#### Directions for this task
Print every line below exactly as written, but leave the pictures behind.

#### Supplied information
========

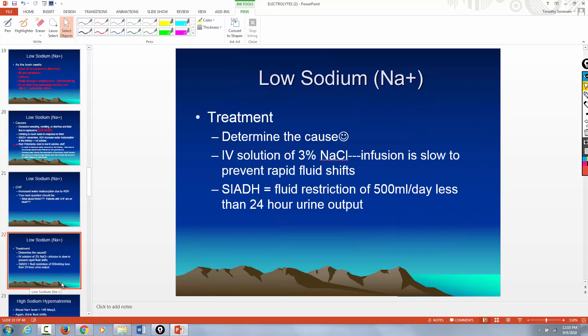What do you do for low sodium? First, determine the cause. If it's from drinking beer, stop drinking beer. If they drank too much water, stop drinking water. If it's Syndrome of Inappropriate ADH, restrict their fluids — because if you're reabsorbing all that water back into the blood from too much ADH, you simply have to restrict the fluid to concentrate the blood.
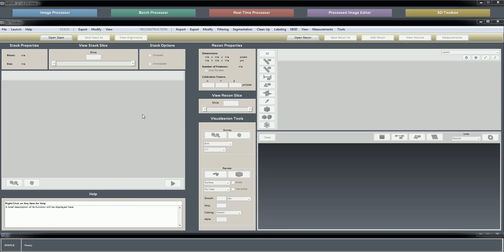And then export those aligned images to make your segmentation recipe to then run through the rest of the steps for the 3D reconstruction. And again, the details of all of that will be covered in later tutorials.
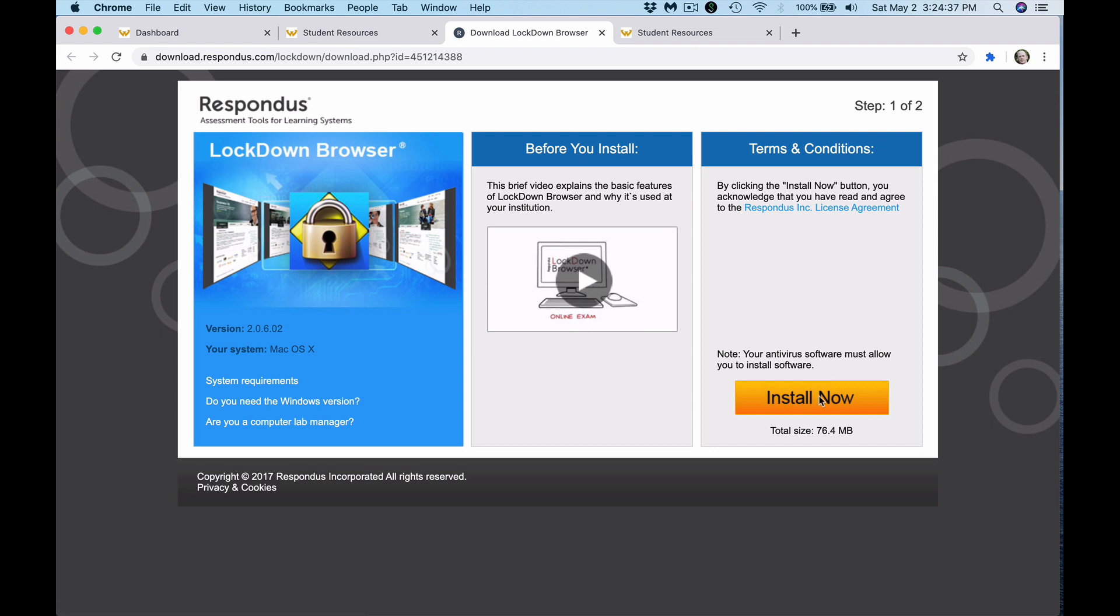The third panel is where you click Install Now to download Lockdown Browser.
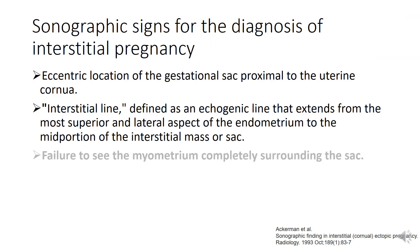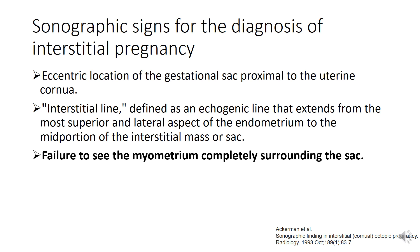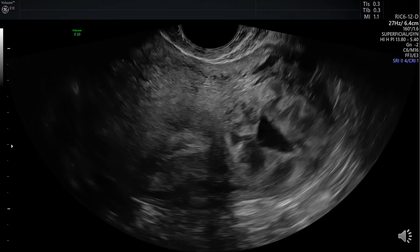The next feature is the failure to see the myometrium completely surrounding the sac. A normal intrauterine pregnancy would be surrounded by the myometrial cavity. On this picture, we can appreciate the absence of the myometrial lining on the superior lateral aspect of the pregnancy, delineated by the blue arrows.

========

#### Response area
What do you do for low sodium? First, determine the cause. If it's from drinking beer, stop drinking beer. If they drank too much water, stop drinking water. If it's Syndrome of Inappropriate ADH, restrict their fluids — because if you're reabsorbing all that water back into the blood from too much ADH, you simply have to restrict the fluid to concentrate the blood.
And then export those aligned images to make your segmentation recipe to then run through the rest of the steps for the 3D reconstruction. And again, the details of all of that will be covered in later tutorials.
The third panel is where you click Install Now to download Lockdown Browser.
The next feature is the failure to see the myometrium completely surrounding the sac. A normal intrauterine pregnancy would be surrounded by the myometrial cavity. On this picture, we can appreciate the absence of the myometrial lining on the superior lateral aspect of the pregnancy, delineated by the blue arrows.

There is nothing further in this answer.